### Exercise instructions
Print the data exactly as written, line for line, and leave its pictures behind.

### Record set
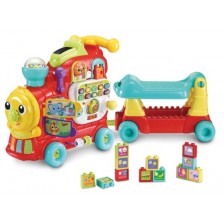 Детска играчка 4 в 1 Vtech - Интерактивен влак (английски език) -1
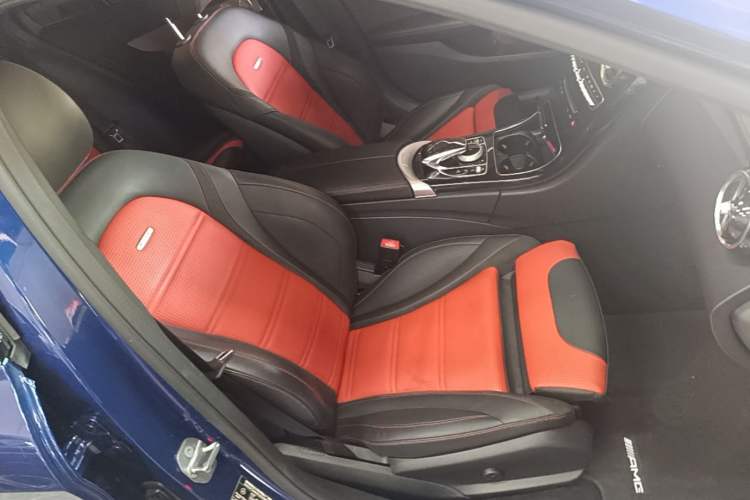 Used Mercedes-Benz C-Class AMG 2017 AMG C 63 Right Front Seat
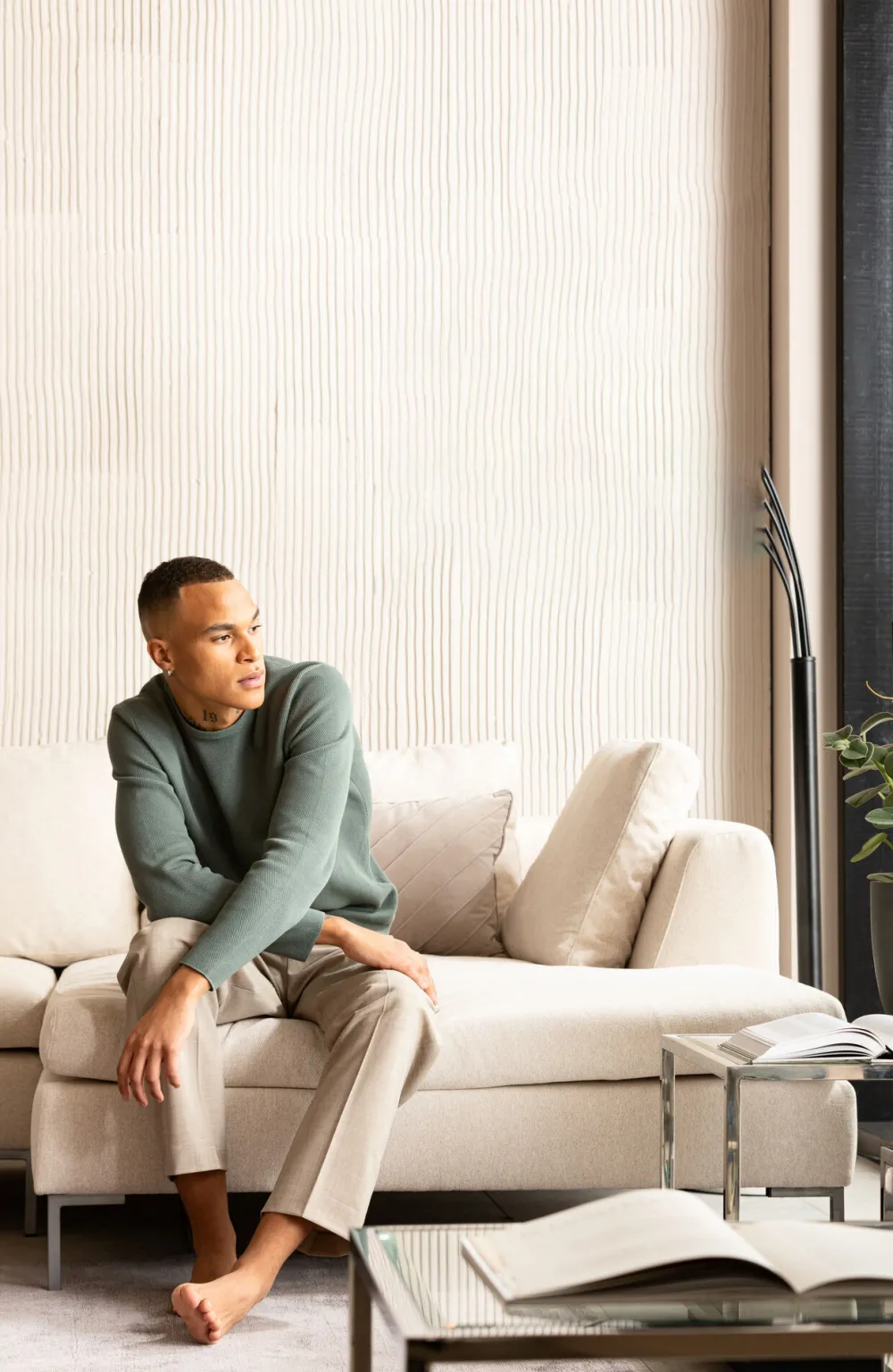 KARE Design Kulmasohvat*Gianni Sohva, Kermanvärinen, Oikea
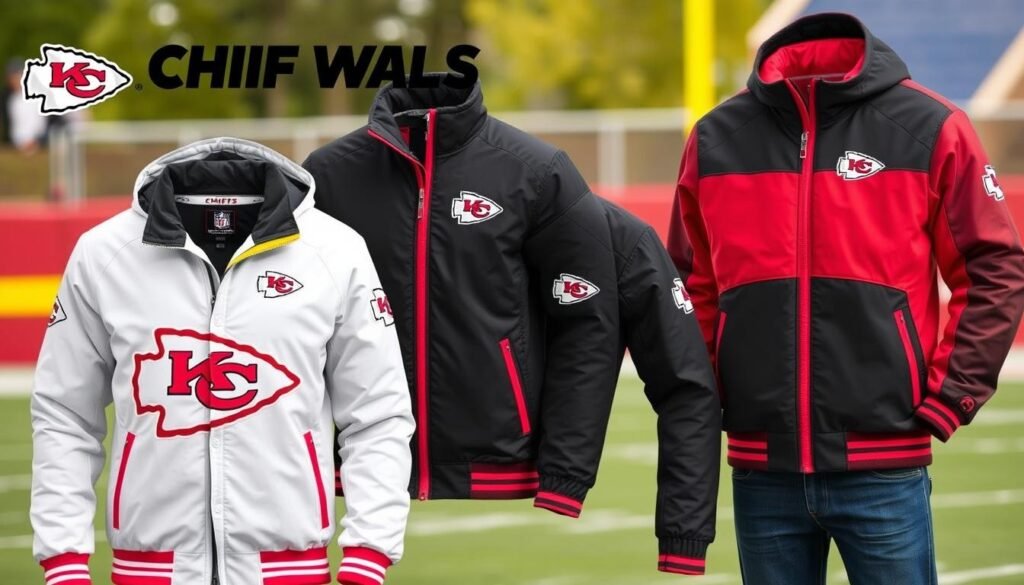 nfl outerwear jackets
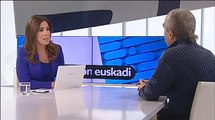Entrevista a Sabino Cuadra en Egunon Euskadi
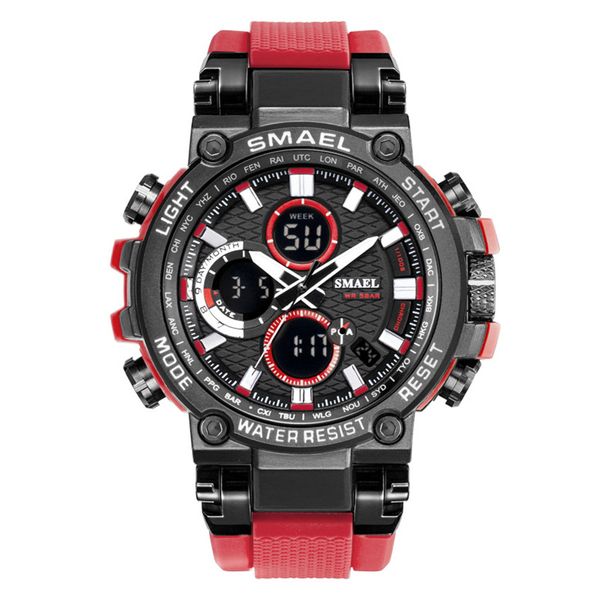 multifunctional outdoor watch dual display waterproof sports electronic watch alloy watch, Slivery;brown
multifunctional outdoor watch dual display waterproof sports electronic watch alloy watch, Slivery;brown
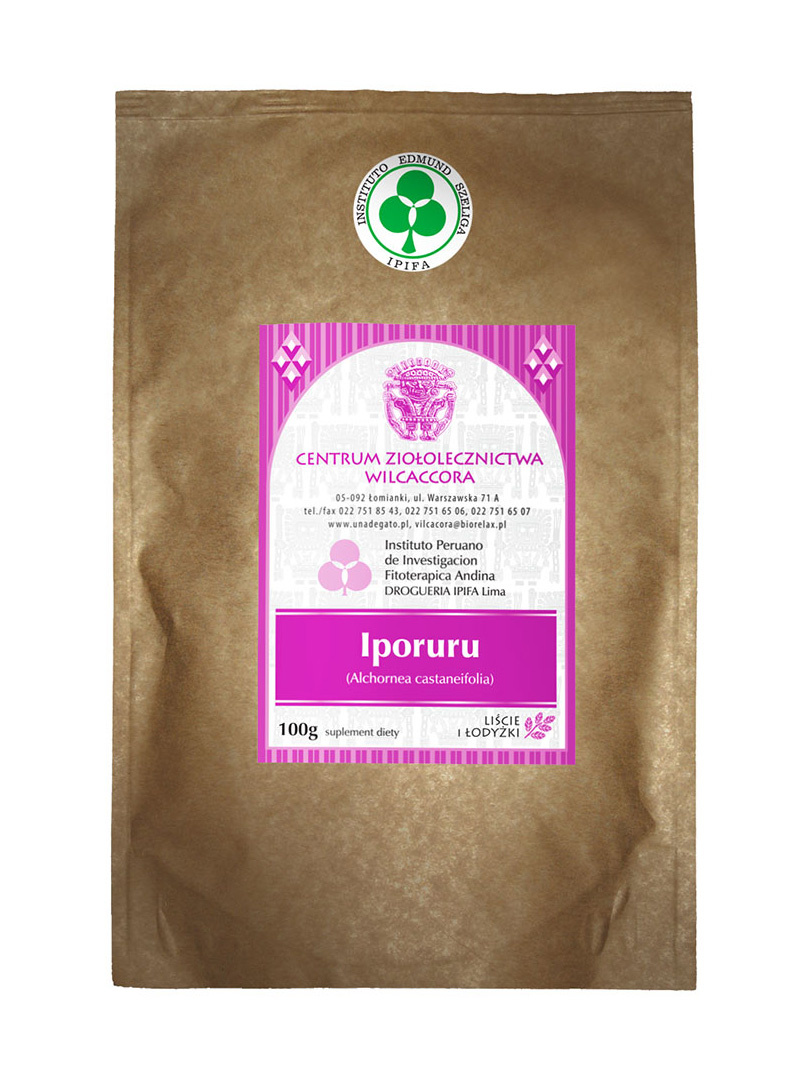 Wilcacorra, Iporuru 100g zdjęcie 1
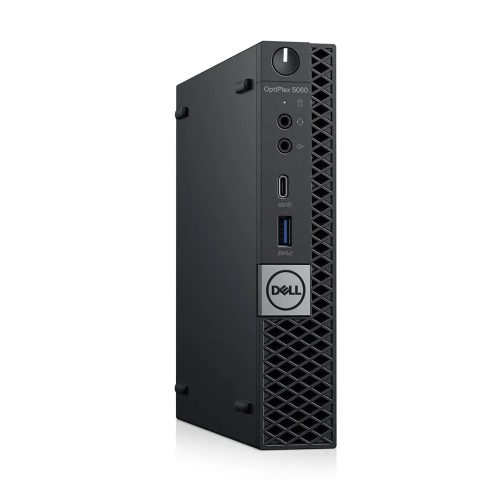 Dell Optiplex 5060 Micro / Intel Pentium Gold G5500T / 8GB / 256GB SSD / Intel UHD Graphics / Win 11 Pro 64-bit használt PC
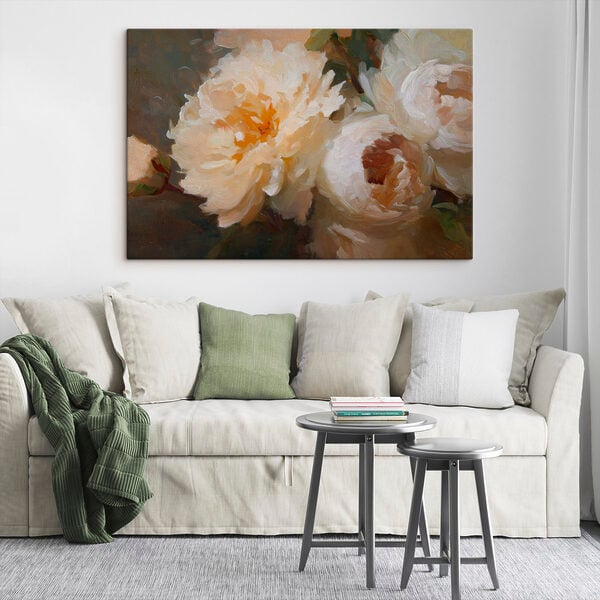 Beautiful blooms in soft hues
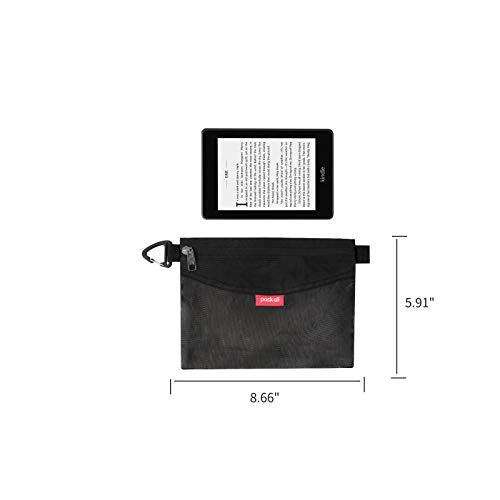 pack all Water-Resistant Material Zipper Pouch, Mesh Set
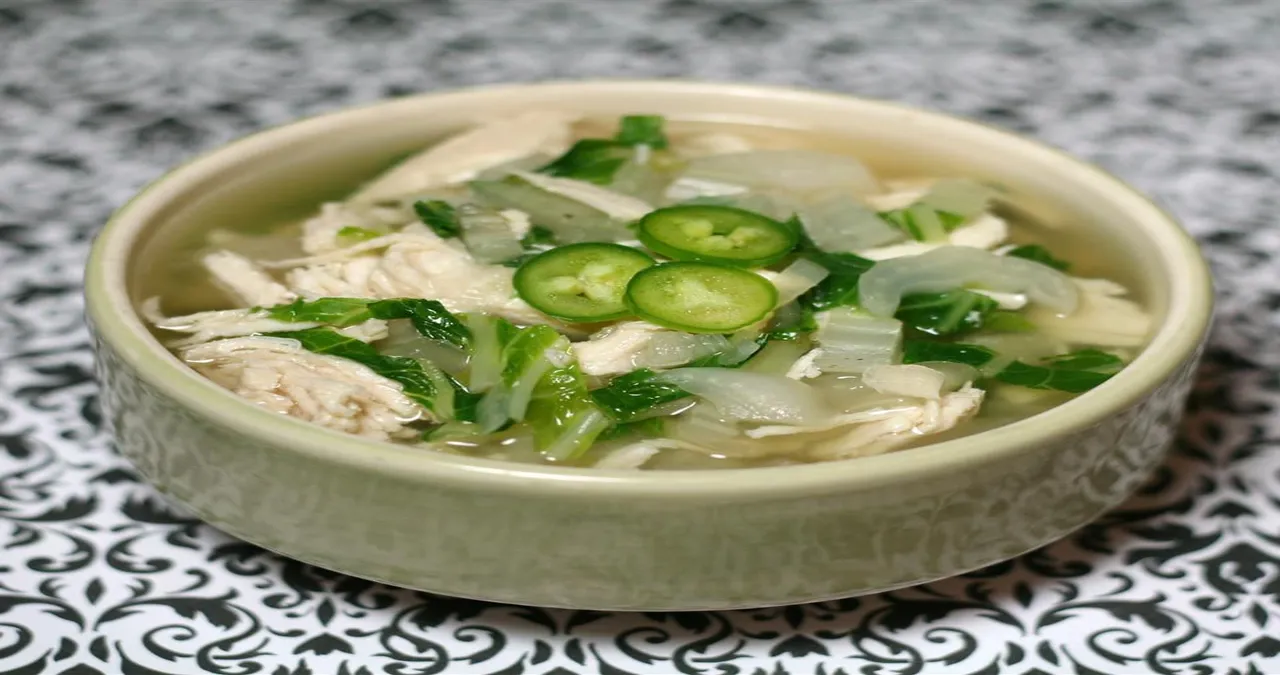 Bok Choy Recipe Soup: A Flavorful Journey Into Comfort and Nutrition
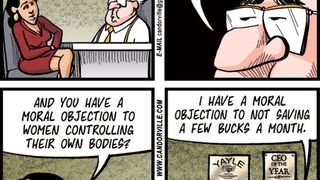 Illustration for article titled Candorville Comic: Moral Objection
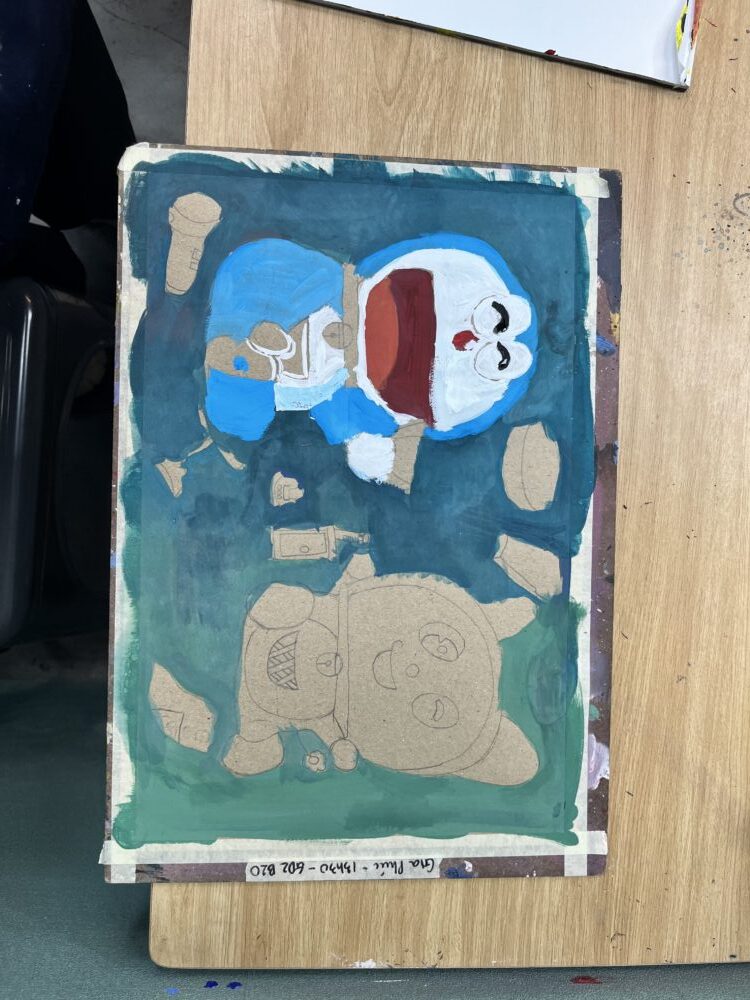 Tác phẩm KID Hồ Gia Phúc 06/04/2019 | 2026-08-12 33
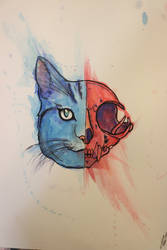 Cat Watercolor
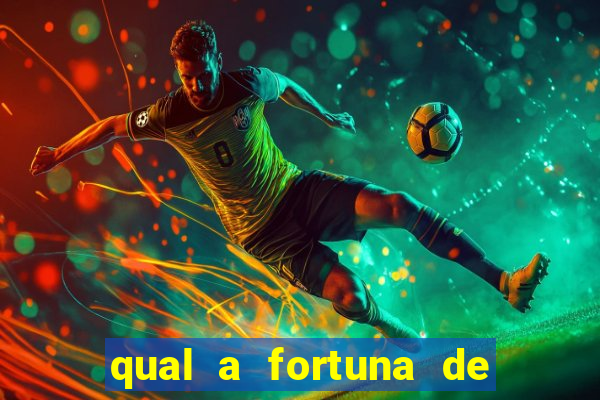 qual a fortuna de beto barbosa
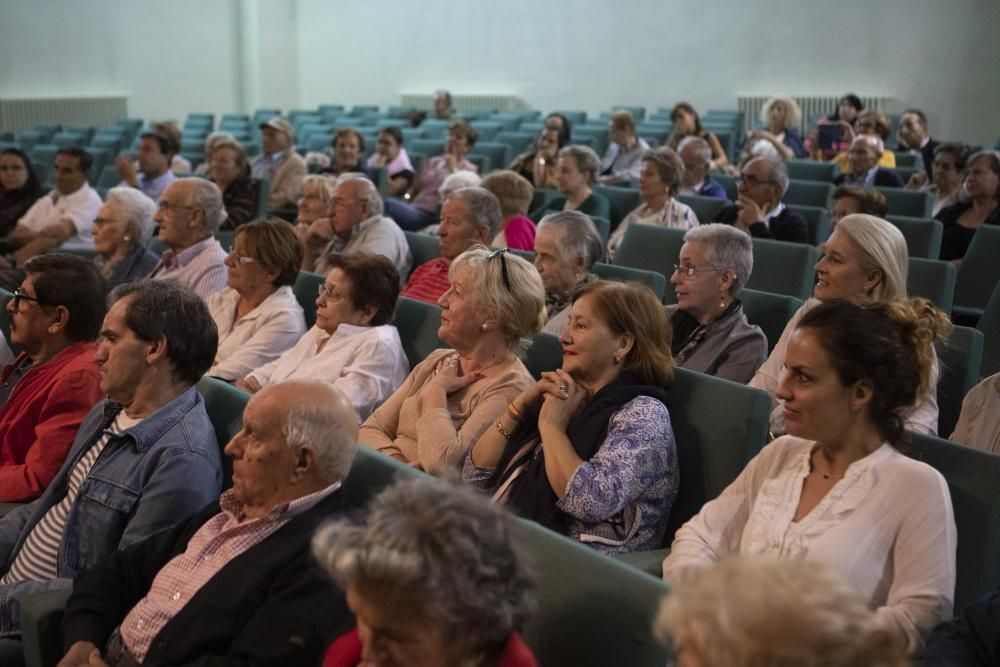 Isabel Gemio inaugura el CLUB LA OPINIÓN-EL CORREO DE ZAMORA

### Response to this task
 Детска играчка 4 в 1 Vtech - Интерактивен влак (английски език) -1
 Used Mercedes-Benz C-Class AMG 2017 AMG C 63 Right Front Seat
 KARE Design Kulmasohvat*Gianni Sohva, Kermanvärinen, Oikea
 nfl outerwear jackets
Entrevista a Sabino Cuadra en Egunon Euskadi
 multifunctional outdoor watch dual display waterproof sports electronic watch alloy watch, Slivery;brown
multifunctional outdoor watch dual display waterproof sports electronic watch alloy watch, Slivery;brown
 Wilcacorra, Iporuru 100g zdjęcie 1
 Dell Optiplex 5060 Micro / Intel Pentium Gold G5500T / 8GB / 256GB SSD / Intel UHD Graphics / Win 11 Pro 64-bit használt PC
 Beautiful blooms in soft hues
 pack all Water-Resistant Material Zipper Pouch, Mesh Set
 Bok Choy Recipe Soup: A Flavorful Journey Into Comfort and Nutrition
 Illustration for article titled Candorville Comic: Moral Objection
 Tác phẩm KID Hồ Gia Phúc 06/04/2019 | 2026-08-12 33
 Cat Watercolor
 qual a fortuna de beto barbosa
 Isabel Gemio inaugura el CLUB LA OPINIÓN-EL CORREO DE ZAMORA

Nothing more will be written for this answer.